Wogaman 4 HP

Ohio-built Sure-Go is a Sure Thing

| January 2005

This 4 HP Wogaman engine was used on a local farm and was built in approximately 1906. It has a 5-inch bore and 6-inch stroke. The flywheels measure 24-by-2-3/8-inches. It is very unique in that it is made with only one casting, and the cylinder is not a through hole, causing machining problems.

About 26 years ago the farm changed ownership, and this engine was hauled to a local scrap yard along with other old iron that had accumulated on the farm. A friend of ours purchased the engine from the scrap yard, and then sold it to us a few years later.

Condition Assessment

The engine was in very rough condition from sitting out in the weather for so many years – we did a lot of grinding and filling on the cast parts.

The steel parts were badly rusted, and the long pivot arm was badly pitted. I lightly machined all surfaces to alleviate this problem. The valves were badly pitted and unusable, so I machined new ones, along with some of the linkage. I machined new bolts because I wanted them to remain the original 1/2-12 size, instead of the 1/2-13 size that's common today. The piston and cylinder were okay, so I just honed it out, cleaned the piston and installed new rings.

Engine Operation

This is a gearless engine. There is a brass ring on the crankshaft that has a double track that crosses in one spot. One side of the ring has a cam. A follower runs in the track and is attached to a long pivot arm. The follower crosses over to the opposite track on each revolution. The cam operates the exhaust valve. When the follower is on the cam, it acts on the pivot arm, which in turn pushes the exhaust push rod. The ignition is also controlled by this part. A flat tin piece inline with the cam is used for timing, and a piece on the cam strikes it, pushing it back against the rear contact screw, completing the ignition circuit and causing a spark.

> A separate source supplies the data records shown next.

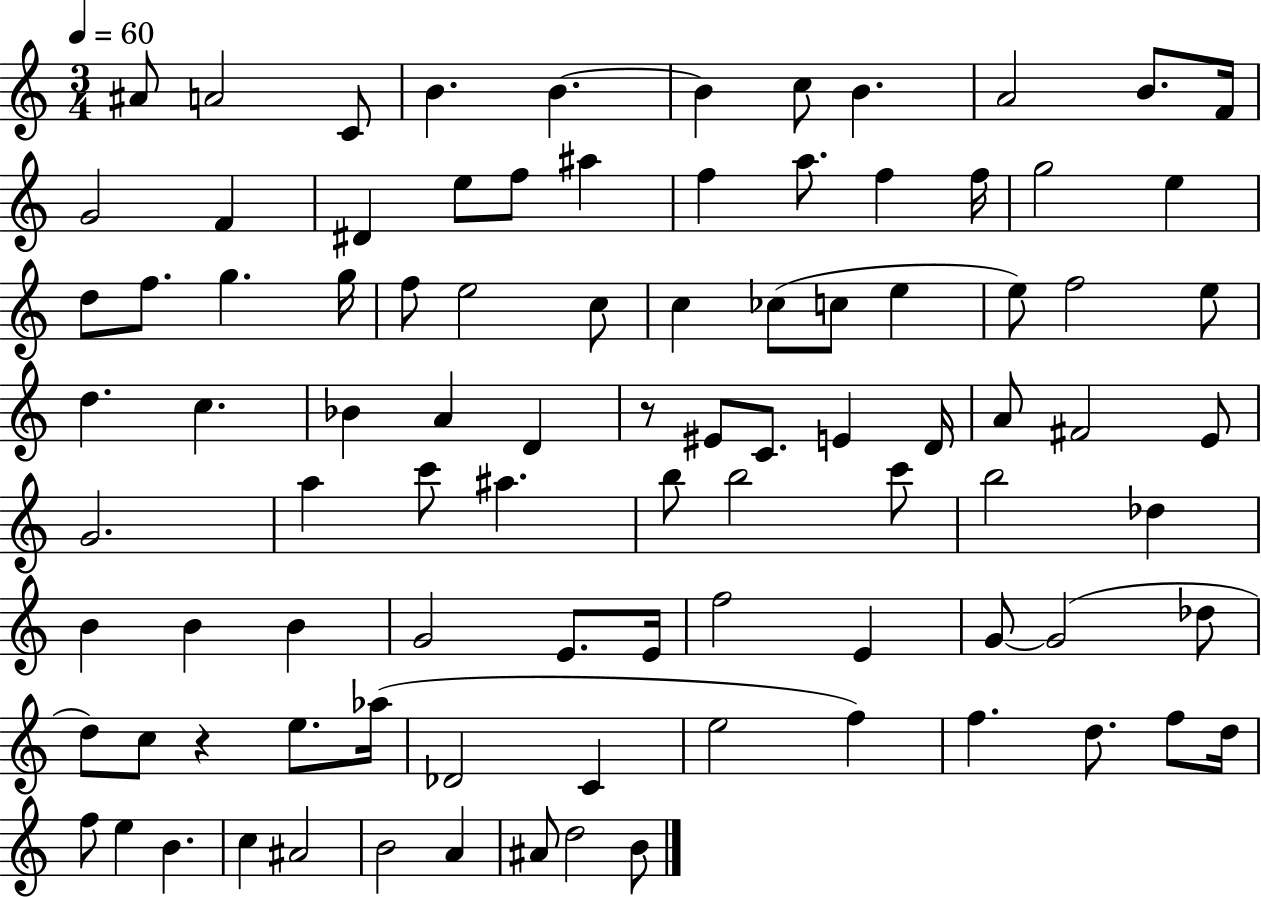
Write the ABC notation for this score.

X:1
T:Untitled
M:3/4
L:1/4
K:C
^A/2 A2 C/2 B B B c/2 B A2 B/2 F/4 G2 F ^D e/2 f/2 ^a f a/2 f f/4 g2 e d/2 f/2 g g/4 f/2 e2 c/2 c _c/2 c/2 e e/2 f2 e/2 d c _B A D z/2 ^E/2 C/2 E D/4 A/2 ^F2 E/2 G2 a c'/2 ^a b/2 b2 c'/2 b2 _d B B B G2 E/2 E/4 f2 E G/2 G2 _d/2 d/2 c/2 z e/2 _a/4 _D2 C e2 f f d/2 f/2 d/4 f/2 e B c ^A2 B2 A ^A/2 d2 B/2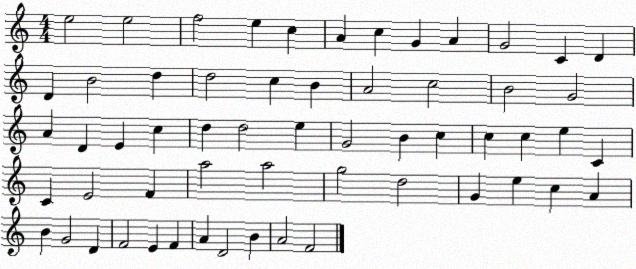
X:1
T:Untitled
M:4/4
L:1/4
K:C
e2 e2 f2 e c A c G A G2 C D D B2 d d2 c B A2 c2 B2 G2 A D E c d d2 e G2 B c c c e C C E2 F a2 a2 g2 d2 G e c A B G2 D F2 E F A D2 B A2 F2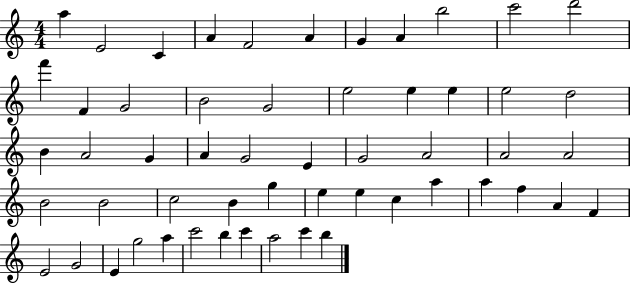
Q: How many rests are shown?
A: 0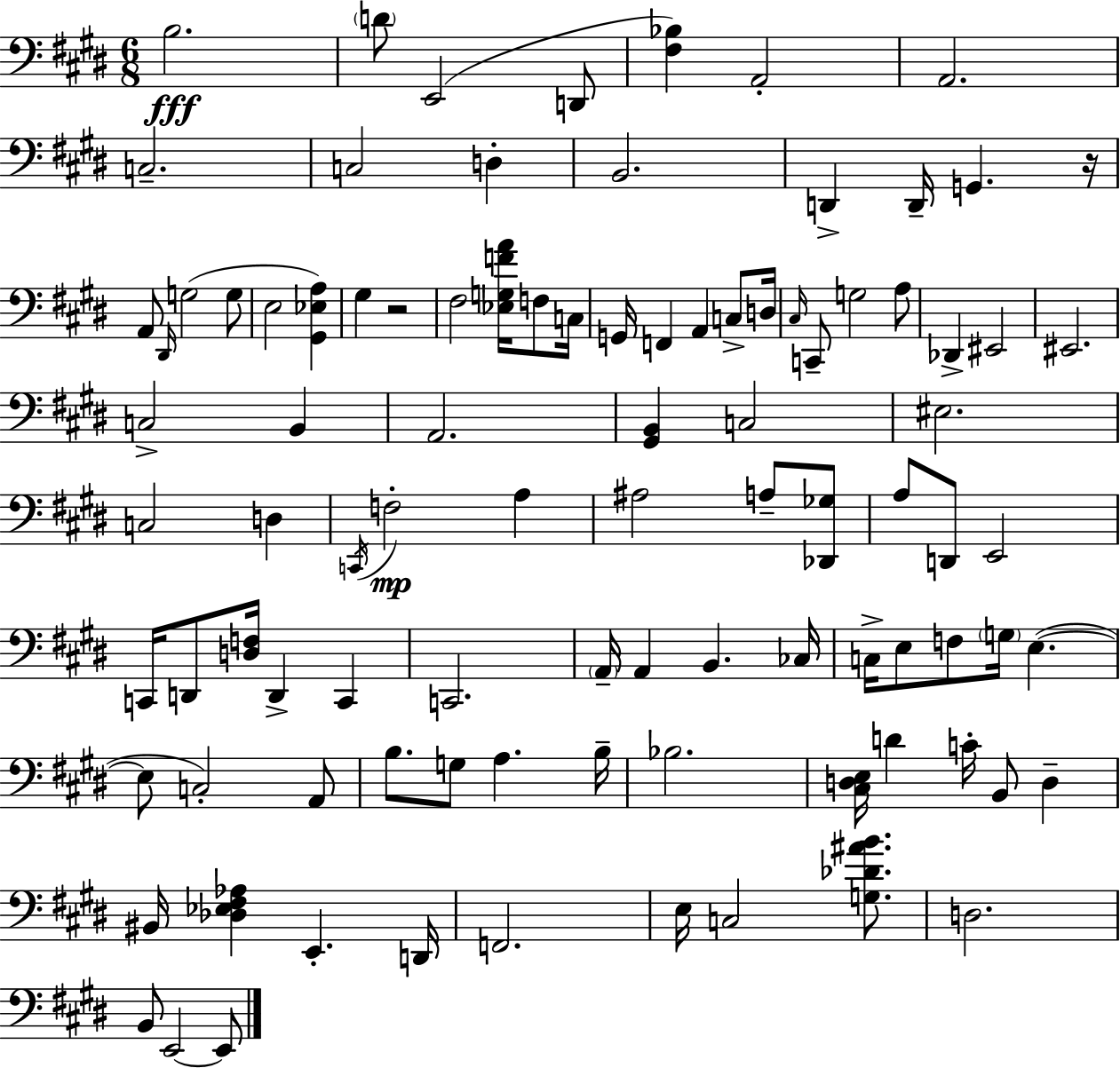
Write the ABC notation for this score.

X:1
T:Untitled
M:6/8
L:1/4
K:E
B,2 D/2 E,,2 D,,/2 [^F,_B,] A,,2 A,,2 C,2 C,2 D, B,,2 D,, D,,/4 G,, z/4 A,,/2 ^D,,/4 G,2 G,/2 E,2 [^G,,_E,A,] ^G, z2 ^F,2 [_E,G,FA]/4 F,/2 C,/4 G,,/4 F,, A,, C,/2 D,/4 ^C,/4 C,,/2 G,2 A,/2 _D,, ^E,,2 ^E,,2 C,2 B,, A,,2 [^G,,B,,] C,2 ^E,2 C,2 D, C,,/4 F,2 A, ^A,2 A,/2 [_D,,_G,]/2 A,/2 D,,/2 E,,2 C,,/4 D,,/2 [D,F,]/4 D,, C,, C,,2 A,,/4 A,, B,, _C,/4 C,/4 E,/2 F,/2 G,/4 E, E,/2 C,2 A,,/2 B,/2 G,/2 A, B,/4 _B,2 [^C,D,E,]/4 D C/4 B,,/2 D, ^B,,/4 [_D,_E,^F,_A,] E,, D,,/4 F,,2 E,/4 C,2 [G,_D^AB]/2 D,2 B,,/2 E,,2 E,,/2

There is no fuel pump; this engine draws fuel by way of suction. The original fuel tank is located in the base. The bottom side of the mixer has a spring-loaded flap which creates suction as air is drawn in. A screw just above this flap adjusts the needle valve. This design was later changed, as it proved to be unreliable. Later models were equipped with a Lunkenheimer mixer and the fuel tank was installed above the cooling tank plumbing, directly above the cylinder.